Grok was open source underneath Apache 2.0 License, allowing commercial use, modifications and distribution. However, it cannot be registered as a trademark and users receive no liability or warranty.
The code for Grok can be downloaded from his Github page or via a torrent link.
See also: Elon Musk once revealed why he ‘stopped’ using TikTok: It’s ‘probing my brain’
With 314 billion parameters, Grok outperforms its open source competitors, such as Meta Platforms Inc HALF Blade 2 AND Mistral 8x7B, according to Venture Beat.
Originally released as a first-party model in November 2023, Grok was only accessible via Musk’s social network Xpreviously Twitter. However, the release does not include the entire corpus of training data or any links to the real-time information available on X.
The blog post stated: “basic model trained on a large amount of text data, not optimized for a particular task.”
It also lacks integration with the real-time data accessible on X, a feature that Musk originally touted as a significant advantage of Grok over other LLMs. To access this feature, users will still need to subscribe to the paid version on X, the report notes.
Because matter: Open sourcing Grok is seen as a strategic move by Musk, who is its co-founder ChatGPT-parent OpenAI in 2015 and subsequently dropped it in 2018. Grok is designed to rival ChatGPT, which Musk has criticized repeatedly since its maker’s partnership with Microsoft Corporation MSFT.

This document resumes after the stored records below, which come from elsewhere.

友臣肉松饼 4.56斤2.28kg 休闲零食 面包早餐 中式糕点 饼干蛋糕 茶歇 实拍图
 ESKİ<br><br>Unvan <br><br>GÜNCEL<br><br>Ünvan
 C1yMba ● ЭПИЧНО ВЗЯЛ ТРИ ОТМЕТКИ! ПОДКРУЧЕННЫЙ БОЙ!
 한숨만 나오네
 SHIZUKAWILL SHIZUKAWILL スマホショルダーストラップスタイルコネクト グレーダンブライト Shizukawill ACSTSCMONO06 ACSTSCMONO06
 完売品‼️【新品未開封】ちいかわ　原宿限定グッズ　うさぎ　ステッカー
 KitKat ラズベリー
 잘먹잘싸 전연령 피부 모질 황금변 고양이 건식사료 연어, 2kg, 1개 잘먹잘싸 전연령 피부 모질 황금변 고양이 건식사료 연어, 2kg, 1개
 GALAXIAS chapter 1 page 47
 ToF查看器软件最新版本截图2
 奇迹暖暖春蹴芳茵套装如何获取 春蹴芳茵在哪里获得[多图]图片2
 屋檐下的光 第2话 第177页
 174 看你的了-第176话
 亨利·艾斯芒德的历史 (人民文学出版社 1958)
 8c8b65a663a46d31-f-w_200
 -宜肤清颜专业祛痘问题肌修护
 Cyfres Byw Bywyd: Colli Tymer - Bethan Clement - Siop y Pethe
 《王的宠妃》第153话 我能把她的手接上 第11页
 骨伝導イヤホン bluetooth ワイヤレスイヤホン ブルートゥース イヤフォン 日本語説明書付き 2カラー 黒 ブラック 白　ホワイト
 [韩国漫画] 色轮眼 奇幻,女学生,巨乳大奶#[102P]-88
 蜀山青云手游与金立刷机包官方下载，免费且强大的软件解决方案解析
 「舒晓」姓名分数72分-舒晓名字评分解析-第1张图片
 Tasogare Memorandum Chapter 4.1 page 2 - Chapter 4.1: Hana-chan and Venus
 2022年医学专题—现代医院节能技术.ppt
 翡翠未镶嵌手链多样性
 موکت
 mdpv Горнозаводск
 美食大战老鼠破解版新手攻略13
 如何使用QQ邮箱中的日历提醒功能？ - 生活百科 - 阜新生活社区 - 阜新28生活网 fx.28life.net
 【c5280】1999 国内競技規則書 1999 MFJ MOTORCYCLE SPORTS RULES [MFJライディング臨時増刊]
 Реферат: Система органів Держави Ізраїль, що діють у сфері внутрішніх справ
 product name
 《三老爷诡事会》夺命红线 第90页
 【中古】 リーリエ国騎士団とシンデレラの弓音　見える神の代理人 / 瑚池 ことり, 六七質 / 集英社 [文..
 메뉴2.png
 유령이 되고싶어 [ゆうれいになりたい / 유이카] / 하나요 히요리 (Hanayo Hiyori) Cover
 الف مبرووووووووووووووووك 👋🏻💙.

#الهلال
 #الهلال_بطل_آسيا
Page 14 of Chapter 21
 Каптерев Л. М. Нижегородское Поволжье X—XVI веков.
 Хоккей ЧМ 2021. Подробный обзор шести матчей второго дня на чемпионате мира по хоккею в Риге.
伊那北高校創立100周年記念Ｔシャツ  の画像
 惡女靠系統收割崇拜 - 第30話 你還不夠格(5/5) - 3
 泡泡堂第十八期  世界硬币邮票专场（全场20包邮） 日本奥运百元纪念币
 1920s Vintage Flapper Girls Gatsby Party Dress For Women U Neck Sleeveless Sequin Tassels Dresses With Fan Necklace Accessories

Some experts in the sector, such as for example Deep sea resource management managing partner Douglas Clinton, speculated that open sourcing Grok could be Musk’s strategic response to an ongoing lawsuit with OpenAI. “I think in a way he had to, given the lawsuit with OpenAI, to make a statement.”
Gene Munsteranother Deepwater managing partner, predicted that this move could attract significant funding for xAI and position it as a leading private AI company, directly challenging OpenAI.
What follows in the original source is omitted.